Required action »
Starting at the line that contains "Rhus typhina image", reproduce only the lines through the end of the data, exactly, including both the first and the last; skip the pictures.

Information provided »
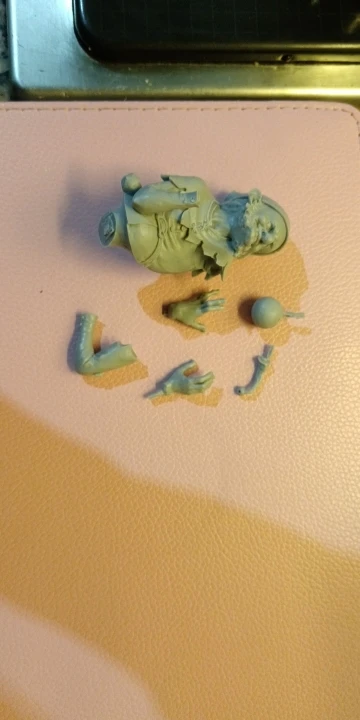 Buyer photo of this resin kit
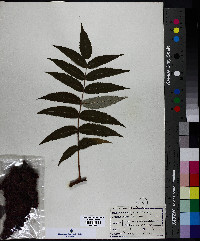 Rhus typhina image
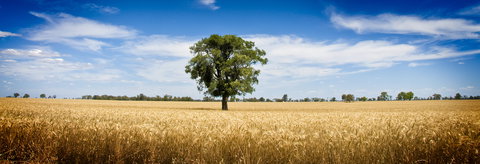 Coonamble - Accommodation Sydney 1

Written response »
 Rhus typhina image
 Coonamble - Accommodation Sydney 1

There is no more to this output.